—Es usted de Santa Eulària de toda la vida, ¿verdad?
—Bueno, los de mi casa eran de Vila, yo nací en Santa Eulària por accidente. En plena guerra mis abuelos vinieron a vivir aquí (Santa Eulària). Mi abuelo creo que conducía un autobús de línea, y cuando me tocaba nacer le dijeron a mi madre que viniera a tenerme a Santa Eulària con ellos. Mi madre volvió a Vila y yo me quedé con mis abuelos y con mi tía hasta que me casé. Eran otros tiempos y mi madre tuvo tres hijos más en Dalt Vila antes de venirse a Santa Eulària. Cuando vinieron seguí con mis abuelos pero iba de casa en casa. No teníamos un duro pero éramos felices.
—¿A qué se dedicaba su abuelo?
—Era muy polifacético. Francisco Riera, de Can Marrota (fundaron el horno en la plaça de Vila), era barbero pero había trabajado en Mallorca, tras hacer la mili, como zapatero. Cuando era joven tocaba el acordeón y todo.
—¿Desde cuándo se dedica a este negocio?
—La tienda es de la familia de mi marido. La abrió mi suegro, José Cardona (que se llamaba igual que mi marido), en 1926. Mi marido vivía en Mallorca y cuando me casé vivimos allí durante tres años. Allí nació mi hija Marian. Mi suegra nos insistía mucho para que volviéramos a Ibiza y poder ayudarles. Además, como buena ibicenca, yo tenía ganas de volver. Así que volvimos y desde entonces estamos por aquí.
—Efectivamente, aquí sigue.
—Claro, hasta que el cuerpo aguante. Y aguanta: ayer me pegué una buena langosta, ¡y no me hice nada!. Trabajo cada día, todavía pago mis autónomos. Estoy jubilada de manera activa y pago menos, pero prefiero estar aquí que en casa aburrida.
—¿Se sigue vendiendo tela?
—No mucha, la gente de ahora ya no sabe coser. Tampoco hay la calidad de telas que había antes, algodón y lana de los buenos hay poco. Ahora está todo más mezclado.

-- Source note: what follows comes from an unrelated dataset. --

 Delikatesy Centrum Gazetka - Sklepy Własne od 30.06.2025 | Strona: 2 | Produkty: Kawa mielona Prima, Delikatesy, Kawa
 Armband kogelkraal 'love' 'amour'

—¿Antes de casarse a qué se dedicaba?
—Me casé muy joven, a los 21 años. Antes bordaba. Con 12 años ya hacíamos bolillos para una señora que los vendía. Trabajábamos en casa al salir del colegio. Bordábamos todos: mi madre, mis hermanas... además la mitad de las chicas del pueblo, que querían bordar, iban a casa de mi madre, María Riera. La otra mitad de las chicas del pueblo, que querían coser, iban a casa de mi madrina, Antonia, que era modista. Además mi tío Salvador, también era sastre. Cuando bordaban, las chicas le pedían a mi madre que cantara. Cantaba muy bien: había estado en el orfeón de Vila de esos tiempos.

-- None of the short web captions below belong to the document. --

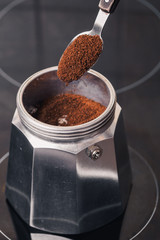 Geyser coffee maker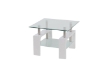 Picture of HORIZON Glass Side Table (White)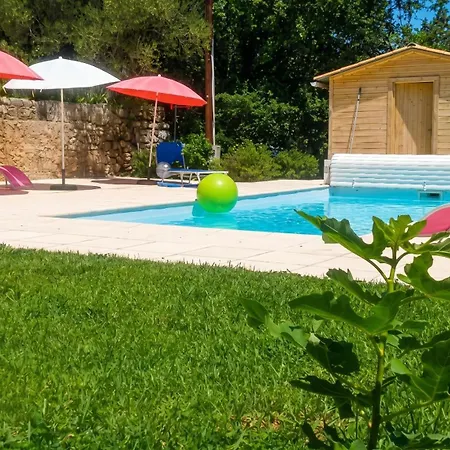 Villa Chaleureuse En Sud Ardeche Avec Piscine Privee 200 M² Chassiers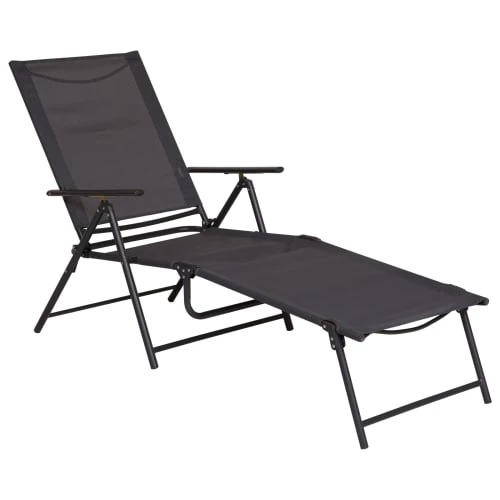 Outsunny Bains De Soleil Et Chaises Longues Transat Pliable Inclinable 5 Positions Métal époxy Textilène 3 Outsunny Bains De Soleil Et Chaises Longues Transat Pliable Inclinable 5 Positions Métal époxy Textilène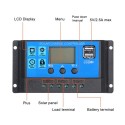 100W D C 9V/18V Flexible Solar Panel with 50A L-ED Display Controller Kit Set with USB/ Type C Interface &amp; Car C-harger 10/2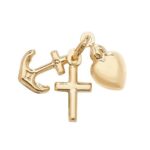 Fiath,hope,Charity,pendant,gold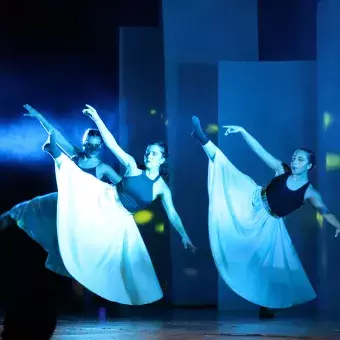 algunas de las bailarinas en el ensamble dreamlike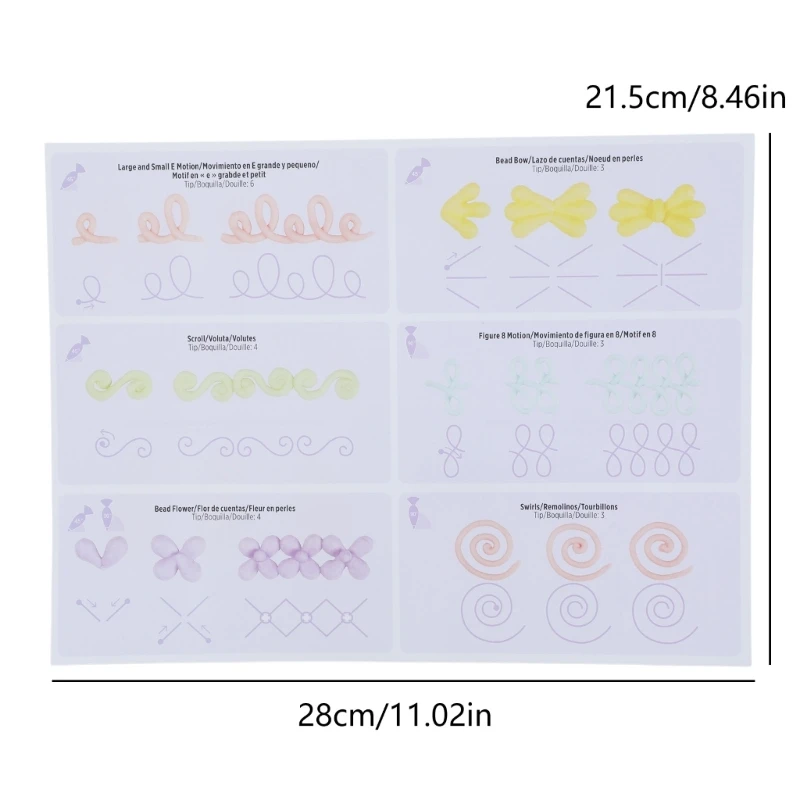 12-sheets-set-cake-icing-piping-diy-drawing-board-template-paper-practice-cardboard-paste-fondant-cream-decorating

—¿Una familia de artistas?
—Bueno, mi padre también había cantado en el orfeón. Además, mi tía era la modista de un pintor catalán que vivía aquí, se ve que le gusté y fui modelo para un par de cuadros suyos. Se trataba del señor Barrau. Me hacía vestir de payesa, yo no me vestía así, y con la falda arremangada ya me ves a mi con los brazos estirados durante tres horas en su jardín (ríe). Cada descanso que me daba me acercaba a ver como avanzaba el cuadro. Y Barrau no fue el único, también me pintó Mallol Suazo, incluso estuve en Barcelona unos meses en su casa.

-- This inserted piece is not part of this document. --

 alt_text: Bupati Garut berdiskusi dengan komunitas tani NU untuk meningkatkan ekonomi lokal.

—¿Se trabajaba mucho en casa en esos tiempos?
—Muchas chicas ya trabajaban cuidando niños de turistas, que ya había algunos. Pero a mi abuela, que era ciega, eso no le gustaba. Siempre decía: «No son horas de panderear, ahora toca hacer un rato de bolillos». También tenía un día especial: mi día de ir a Vila.
—¿Qué era ese día de ir a Vila?
—Que iba a Vila a hacer un par de cosas. Por un lado estaba el señor Llambies, un hombre catalán que tenía una fábrica en la avenida España y muchas bordadoras que bordaban para él. Mi madre también era una de ellas y me mandaba a llevarle los trabajos y a cobrar. Por otro lado, como estábamos empadronados en Vila, tenía que ir a buscar el racionamiento allí. Yo era muy pequeña, tendría unos 12 o 13 años, y me metían en el autobús y me pasaba el día en Vila con mi sanalló. Allí en el colmado Planells me daban lo que tenían que darme del racionamiento y después me daba una vuelta. Visitaba a mis parientes en el horno de Can Marrota, me iba a Cas Saboner, a Vara de Rey a ver a la tía Isabel... Eran otros tiempos, no había el peligro que hay ahora.
—Tiene una memoria extraordinaria.
—Gracias a Dios. Lo que más miedo me da es eso: perder la memoria, más que las piernas (que ya me duelen un poco).
—Como testigo de los últimos tiempos ¿qué opinión le despiertan estos tiempos?
—Hay cosas que hemos ido a mejor y otras a peor. El respeto que teníamos a la gente, el interés por ayudar en la casa, no exigir nada... eso se ha perdido. Hemos llegado a un punto que me parece poco humano. Me duele ver a la juventud y a niños pequeños enganchados a los dichosos móviles. Me da pena. Además, ya apenas conozco a nadie del pueblo, de mi generación ya quedamos pocos. A veces me pongo en la puerta, pasan cientos de personas y no conozco a ninguna. Eso sí, ahora hay muchas comodidades y creo que idealizo un poco esa época. Tuve una familia maravillosa en la que nunca vi una discusión y eso seguro que afecta. No me quiero recrear en la nostalgia.